When all seemed hopeless at my dead-end internship gig in Washington, all I needed was a Pedro & Vinny’s vegetarian burrito to pick myself up again. For four measly bucks, one could get a huge burrito with beans (black and tan), salsa and hot sauces of various scovilles and hues
. On top of that, York peppermint patties and samples of the proprietor’s habanero mango sauce were gratis
. The line at the cart felt like a queue on a mountaintop, each of us waiting to ask the grizzled old wise man a question. ”What is the meaning of life?” I’d ask. ”Is there a God?”
“Here’s your burrito. That’ll be $4.”
The cart has since closed, the proprietor lost to the wilds of South Carolina. Thanks Pedro & Vinny’s, for making my stay in D.C. bearable.
Natalie and I call burritos from Chipotle “Weapons of Mass Deliciousness,” in reference to a news story wherein a boy’s school freaked out because they thought that his burrito was a pipebomb. She was supposed to come meet me to eat half of it, but she only woke up at 4pm today, leaving me to consume it all lest it become horrible and soggy.

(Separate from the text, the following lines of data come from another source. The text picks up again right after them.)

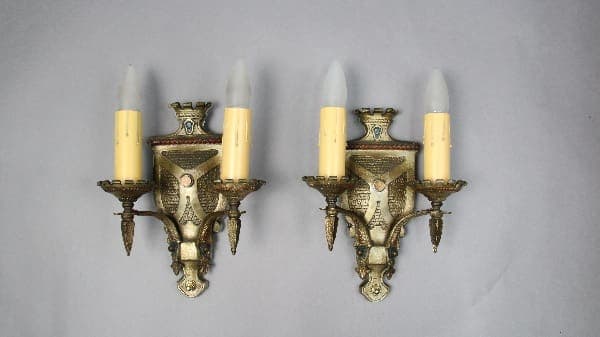Two vintage wall sconces with candleholders.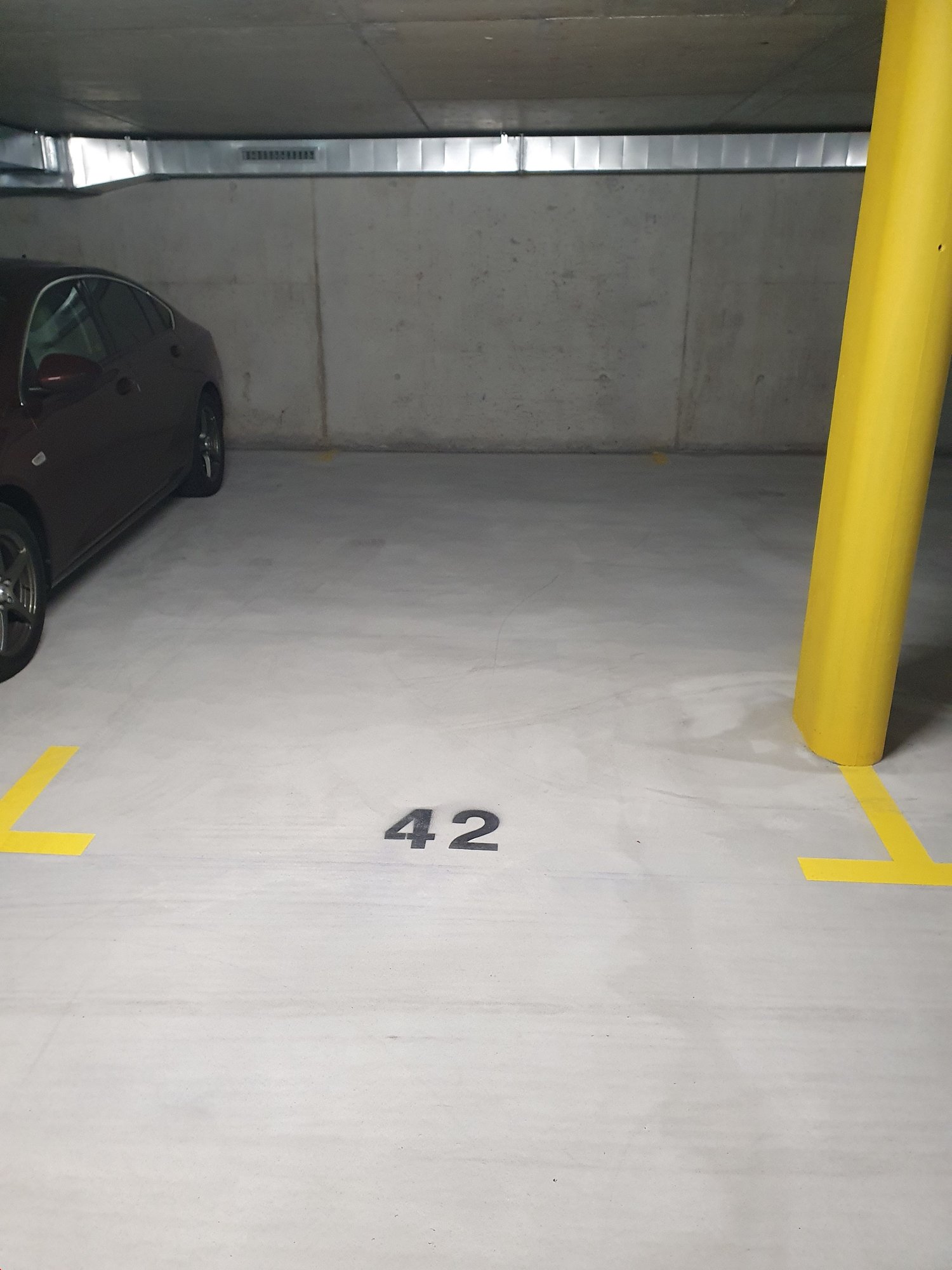 underground parking lot, with grey floor, white walls, yellow lines, car parking spot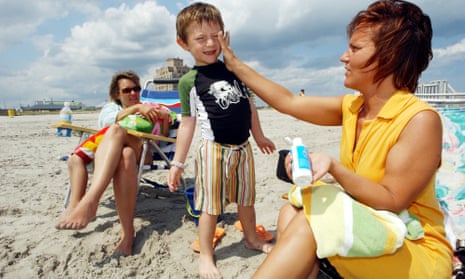 Family applying sunscreen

When I rummaged around my fridge to find a suitable hot sauce to pour on this baby, I found the tiniest bottle of Tabasco sauce I have ever seen. My mother likes to collect miniature foodstuffs and keep them in our fridge, it seems. It wasn’t really enough to cover this behemoth of a burrito though, so I resorted to putting some chipotle mango grill sauce on it. Never again! NEVER AGAIN!!